• **WHAT YOU NEED TO DO**: Word for word, set down the entries that follow.

• **DATASET CONTENT**:
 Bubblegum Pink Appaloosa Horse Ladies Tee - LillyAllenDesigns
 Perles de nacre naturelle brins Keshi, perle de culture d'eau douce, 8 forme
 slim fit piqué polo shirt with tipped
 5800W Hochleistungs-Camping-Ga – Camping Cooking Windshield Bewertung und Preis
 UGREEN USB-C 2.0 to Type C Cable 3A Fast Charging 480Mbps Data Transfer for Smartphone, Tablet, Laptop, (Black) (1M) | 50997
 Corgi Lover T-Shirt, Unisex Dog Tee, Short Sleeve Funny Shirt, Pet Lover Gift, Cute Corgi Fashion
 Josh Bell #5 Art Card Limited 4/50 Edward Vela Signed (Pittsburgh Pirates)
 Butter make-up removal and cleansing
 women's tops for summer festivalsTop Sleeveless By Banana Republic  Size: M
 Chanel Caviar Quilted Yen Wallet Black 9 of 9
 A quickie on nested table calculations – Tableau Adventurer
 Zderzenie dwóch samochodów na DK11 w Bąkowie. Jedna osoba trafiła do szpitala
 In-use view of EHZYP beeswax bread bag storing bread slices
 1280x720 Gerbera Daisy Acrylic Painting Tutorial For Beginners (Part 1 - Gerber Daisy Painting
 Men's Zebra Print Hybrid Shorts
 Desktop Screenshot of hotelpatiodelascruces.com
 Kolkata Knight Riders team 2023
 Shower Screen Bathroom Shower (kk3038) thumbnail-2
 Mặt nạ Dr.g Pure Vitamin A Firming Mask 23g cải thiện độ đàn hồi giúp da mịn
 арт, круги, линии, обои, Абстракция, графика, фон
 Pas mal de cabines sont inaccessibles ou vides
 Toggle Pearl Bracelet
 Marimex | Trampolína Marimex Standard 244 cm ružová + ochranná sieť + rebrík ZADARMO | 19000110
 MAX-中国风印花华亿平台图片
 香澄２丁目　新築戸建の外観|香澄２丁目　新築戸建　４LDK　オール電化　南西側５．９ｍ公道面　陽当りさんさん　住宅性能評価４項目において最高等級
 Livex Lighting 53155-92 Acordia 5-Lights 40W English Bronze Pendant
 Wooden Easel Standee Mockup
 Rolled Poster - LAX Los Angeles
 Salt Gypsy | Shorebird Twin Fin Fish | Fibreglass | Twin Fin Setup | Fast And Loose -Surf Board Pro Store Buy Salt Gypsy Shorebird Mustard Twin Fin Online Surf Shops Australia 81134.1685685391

• **RESULT FOR THIS TASK**:
 Bubblegum Pink Appaloosa Horse Ladies Tee - LillyAllenDesigns
 Perles de nacre naturelle brins Keshi, perle de culture d'eau douce, 8 forme
 slim fit piqué polo shirt with tipped
 5800W Hochleistungs-Camping-Ga – Camping Cooking Windshield Bewertung und Preis
 UGREEN USB-C 2.0 to Type C Cable 3A Fast Charging 480Mbps Data Transfer for Smartphone, Tablet, Laptop, (Black) (1M) | 50997
 Corgi Lover T-Shirt, Unisex Dog Tee, Short Sleeve Funny Shirt, Pet Lover Gift, Cute Corgi Fashion
 Josh Bell #5 Art Card Limited 4/50 Edward Vela Signed (Pittsburgh Pirates)
 Butter make-up removal and cleansing
 women's tops for summer festivalsTop Sleeveless By Banana Republic  Size: M
 Chanel Caviar Quilted Yen Wallet Black 9 of 9
 A quickie on nested table calculations – Tableau Adventurer
 Zderzenie dwóch samochodów na DK11 w Bąkowie. Jedna osoba trafiła do szpitala
 In-use view of EHZYP beeswax bread bag storing bread slices
 1280x720 Gerbera Daisy Acrylic Painting Tutorial For Beginners (Part 1 - Gerber Daisy Painting
 Men's Zebra Print Hybrid Shorts
 Desktop Screenshot of hotelpatiodelascruces.com
 Kolkata Knight Riders team 2023
 Shower Screen Bathroom Shower (kk3038) thumbnail-2
 Mặt nạ Dr.g Pure Vitamin A Firming Mask 23g cải thiện độ đàn hồi giúp da mịn
 арт, круги, линии, обои, Абстракция, графика, фон
 Pas mal de cabines sont inaccessibles ou vides
 Toggle Pearl Bracelet
 Marimex | Trampolína Marimex Standard 244 cm ružová + ochranná sieť + rebrík ZADARMO | 19000110
 MAX-中国风印花华亿平台图片
 香澄２丁目　新築戸建の外観|香澄２丁目　新築戸建　４LDK　オール電化　南西側５．９ｍ公道面　陽当りさんさん　住宅性能評価４項目において最高等級
 Livex Lighting 53155-92 Acordia 5-Lights 40W English Bronze Pendant
 Wooden Easel Standee Mockup
 Rolled Poster - LAX Los Angeles
 Salt Gypsy | Shorebird Twin Fin Fish | Fibreglass | Twin Fin Setup | Fast And Loose -Surf Board Pro Store Buy Salt Gypsy Shorebird Mustard Twin Fin Online Surf Shops Australia 81134.1685685391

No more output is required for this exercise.